Wo in Europa hat Marxsches Denken derzeit eine reelle Chance, gerade angesichts nach rechts driftender Staaten wie Polen oder Ungarn? Ein Blick nach Spanien verrät: Die Partei Podemos als linker Antagonist bildete schnell einen Gegenpol zu den alteingesessenen Parteien im Parlament. Als drittgrößte zog sie 2016 erstmals neben Konservativen und Sozialisten ins Parlament ein.

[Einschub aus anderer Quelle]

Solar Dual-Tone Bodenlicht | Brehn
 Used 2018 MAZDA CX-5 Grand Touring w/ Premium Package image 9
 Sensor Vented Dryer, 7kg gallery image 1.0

Gerade in jenem Jahr sollte das Land noch stark gebeutelt werden. Die meiste Zeit gab es keine regierungsfähige Koalition; Neuwahlen waren an der Tagesordnung. Tontocracia, die Herrschaft der Bekloppten, nannte es der Volksmund. Weder Gesetze noch einen neuen Haushalt für das kommende Jahr konnte das Parlament so verabschieden. Dabei hätten die vermeintlichen Wahl-Gewinner des konservativen Partido Popular (PP) es sich leicht machen und ihren Blick nach links wenden können.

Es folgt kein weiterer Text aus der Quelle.